Vordering tot betaling e-ticket afgewezen op grond van verjaring

Rechtbank Noord-Holland 28 oktober 2015, IT 1952; ECLI:NL:RBNHO:2015:11678 (Tickets4U tegen [gedaagde])
Gedaagde heeft via internet een toegangskaartje voor een evenement bij Tickets4U gekocht. Hij heeft tot op heden het verschuldigde bedrag niet voldaan. Gedaagde betwist de vordering en stelt dat er sprake is van verjaring. Sprake van een consumentenkoop. Korte verjaringstermijn van artikel 7:28 BW van toepassing. Vorderingen worden afgewezen.

5.1. De kantonrechter zal eerst het beroep van [gedaagde] op bevrijdende verjaring behandelen. Voor beantwoording van de vraag of de vordering van Tickets4U is verjaard, is van belang of de overeenkomst tussen partijen moet worden beschouwd als een overeenkomst van consumentenkoop, in welk geval op grond van artikel 7:28 BW een korte verjaringstermijn van twee jaar van toepassing is.

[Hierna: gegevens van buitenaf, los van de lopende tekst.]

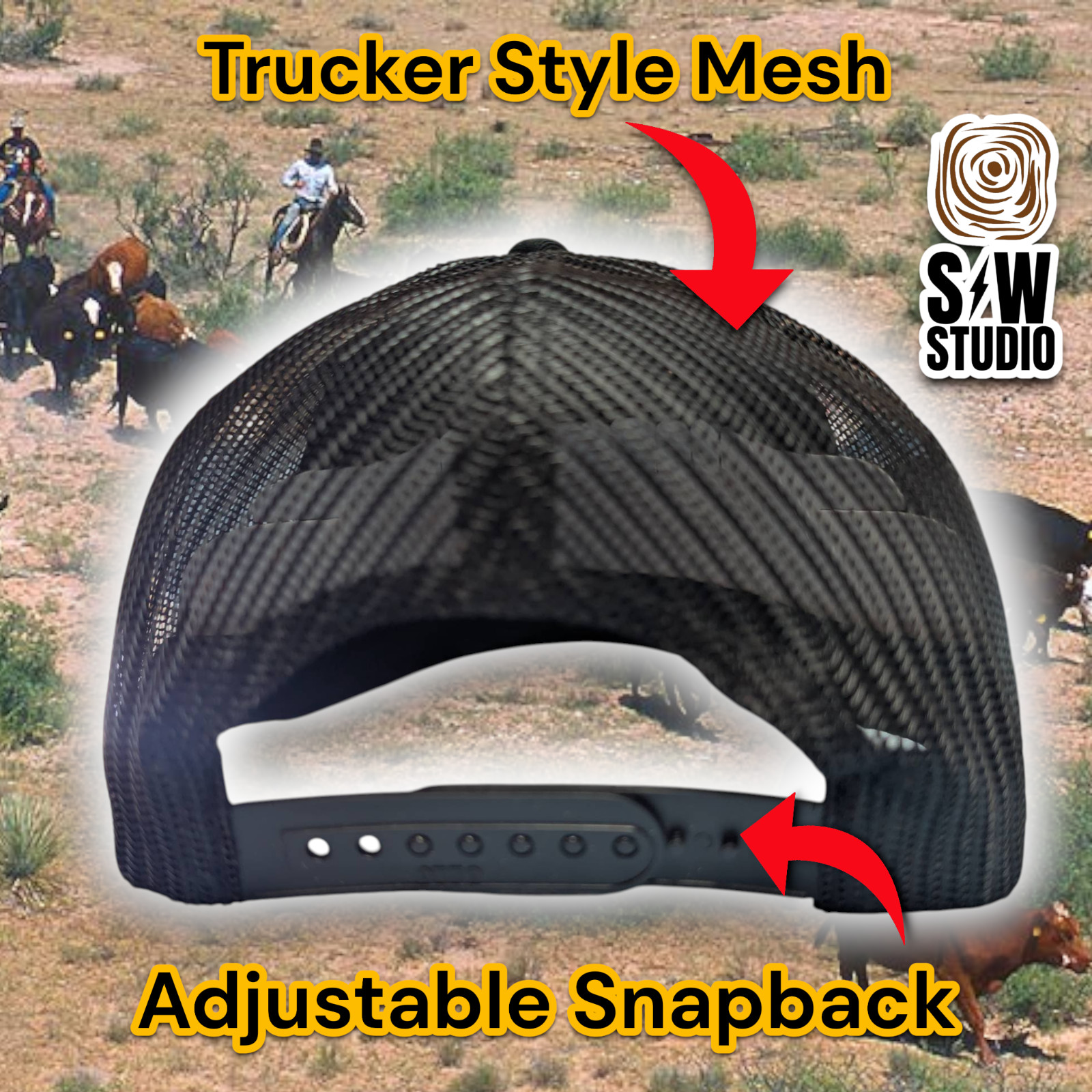 Trucker Hat Baseball Cap Snapback King Ranch Western Style 34 Color Choices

5.3. Naar het oordeel van de kantonrechter is sprake van consumentenkoop. De koop van het recht om toegang te verkrijgen tot een bepaald evenement moet worden beschouwd als de koop van een vermogensrecht. Op grond van artikel 7:48 BW zijn de bepalingen van titel 1 van boek 7 BW inzake koop ook van toepassing op de koop van vermogensrechten, tenzij de aard van het recht zich hiertegen verzet. Naar het oordeel van de kantonrechter verzet de aard van het recht zich bij het kopen van een toegangskaartje voor een evenement niet tegen toepasselijkheid van de bepalingen van consumentenkoop. Tussen partijen is voorts niet in geschil dat Tickets4U handelt in de uitoefening van een bedrijf en dat [gedaagde] een particulier is, die niet handelt in de uitoefening van een beroep of bedrijf. De korte verjaringstermijn van artikel 7:28 BW is dan ook van toepassing op een dergelijke koopovereenkomst.